— Available data —
'''
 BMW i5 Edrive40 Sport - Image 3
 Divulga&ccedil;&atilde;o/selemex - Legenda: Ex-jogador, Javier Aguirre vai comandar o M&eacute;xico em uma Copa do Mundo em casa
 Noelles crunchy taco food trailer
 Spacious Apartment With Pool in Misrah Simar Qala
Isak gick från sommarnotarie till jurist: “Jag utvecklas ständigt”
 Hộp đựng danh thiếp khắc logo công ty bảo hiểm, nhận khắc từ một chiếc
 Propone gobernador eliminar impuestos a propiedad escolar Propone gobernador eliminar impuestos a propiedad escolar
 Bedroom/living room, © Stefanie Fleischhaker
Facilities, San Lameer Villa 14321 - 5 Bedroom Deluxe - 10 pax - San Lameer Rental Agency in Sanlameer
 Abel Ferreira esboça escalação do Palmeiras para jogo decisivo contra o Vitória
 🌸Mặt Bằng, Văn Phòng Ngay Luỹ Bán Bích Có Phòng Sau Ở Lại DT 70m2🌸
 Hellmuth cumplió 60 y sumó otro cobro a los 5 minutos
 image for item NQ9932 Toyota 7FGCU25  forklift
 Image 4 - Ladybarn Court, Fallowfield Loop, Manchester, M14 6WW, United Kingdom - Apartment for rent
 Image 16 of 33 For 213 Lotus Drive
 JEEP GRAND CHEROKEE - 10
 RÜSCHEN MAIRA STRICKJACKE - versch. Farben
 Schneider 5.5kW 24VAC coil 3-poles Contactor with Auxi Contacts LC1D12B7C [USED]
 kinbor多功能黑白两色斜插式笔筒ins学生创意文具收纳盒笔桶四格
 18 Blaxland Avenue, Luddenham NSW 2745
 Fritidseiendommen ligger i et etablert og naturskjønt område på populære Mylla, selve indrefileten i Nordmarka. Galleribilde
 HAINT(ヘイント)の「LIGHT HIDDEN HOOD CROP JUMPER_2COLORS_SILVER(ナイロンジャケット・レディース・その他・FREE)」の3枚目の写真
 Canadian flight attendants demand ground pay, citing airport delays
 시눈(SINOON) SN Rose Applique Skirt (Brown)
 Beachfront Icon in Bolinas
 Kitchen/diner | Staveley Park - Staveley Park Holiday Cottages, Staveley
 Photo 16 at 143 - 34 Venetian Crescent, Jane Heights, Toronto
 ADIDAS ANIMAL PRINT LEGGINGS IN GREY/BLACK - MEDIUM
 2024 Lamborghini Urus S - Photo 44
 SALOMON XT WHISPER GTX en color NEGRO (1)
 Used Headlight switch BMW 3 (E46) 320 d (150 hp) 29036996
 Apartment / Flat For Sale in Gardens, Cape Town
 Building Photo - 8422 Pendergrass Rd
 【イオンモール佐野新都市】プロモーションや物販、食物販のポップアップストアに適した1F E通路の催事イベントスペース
'''
— Problem —
Working through the records above, copy each one exactly.

— Result for this exercise —
 BMW i5 Edrive40 Sport - Image 3
 Divulga&ccedil;&atilde;o/selemex - Legenda: Ex-jogador, Javier Aguirre vai comandar o M&eacute;xico em uma Copa do Mundo em casa
 Noelles crunchy taco food trailer
 Spacious Apartment With Pool in Misrah Simar Qala
Isak gick från sommarnotarie till jurist: “Jag utvecklas ständigt”
 Hộp đựng danh thiếp khắc logo công ty bảo hiểm, nhận khắc từ một chiếc
 Propone gobernador eliminar impuestos a propiedad escolar Propone gobernador eliminar impuestos a propiedad escolar
 Bedroom/living room, © Stefanie Fleischhaker
Facilities, San Lameer Villa 14321 - 5 Bedroom Deluxe - 10 pax - San Lameer Rental Agency in Sanlameer
 Abel Ferreira esboça escalação do Palmeiras para jogo decisivo contra o Vitória
 🌸Mặt Bằng, Văn Phòng Ngay Luỹ Bán Bích Có Phòng Sau Ở Lại DT 70m2🌸
 Hellmuth cumplió 60 y sumó otro cobro a los 5 minutos
 image for item NQ9932 Toyota 7FGCU25  forklift
 Image 4 - Ladybarn Court, Fallowfield Loop, Manchester, M14 6WW, United Kingdom - Apartment for rent
 Image 16 of 33 For 213 Lotus Drive
 JEEP GRAND CHEROKEE - 10
 RÜSCHEN MAIRA STRICKJACKE - versch. Farben
 Schneider 5.5kW 24VAC coil 3-poles Contactor with Auxi Contacts LC1D12B7C [USED]
 kinbor多功能黑白两色斜插式笔筒ins学生创意文具收纳盒笔桶四格
 18 Blaxland Avenue, Luddenham NSW 2745
 Fritidseiendommen ligger i et etablert og naturskjønt område på populære Mylla, selve indrefileten i Nordmarka. Galleribilde
 HAINT(ヘイント)の「LIGHT HIDDEN HOOD CROP JUMPER_2COLORS_SILVER(ナイロンジャケット・レディース・その他・FREE)」の3枚目の写真
 Canadian flight attendants demand ground pay, citing airport delays
 시눈(SINOON) SN Rose Applique Skirt (Brown)
 Beachfront Icon in Bolinas
 Kitchen/diner | Staveley Park - Staveley Park Holiday Cottages, Staveley
 Photo 16 at 143 - 34 Venetian Crescent, Jane Heights, Toronto
 ADIDAS ANIMAL PRINT LEGGINGS IN GREY/BLACK - MEDIUM
 2024 Lamborghini Urus S - Photo 44
 SALOMON XT WHISPER GTX en color NEGRO (1)
 Used Headlight switch BMW 3 (E46) 320 d (150 hp) 29036996
 Apartment / Flat For Sale in Gardens, Cape Town
 Building Photo - 8422 Pendergrass Rd
 【イオンモール佐野新都市】プロモーションや物販、食物販のポップアップストアに適した1F E通路の催事イベントスペース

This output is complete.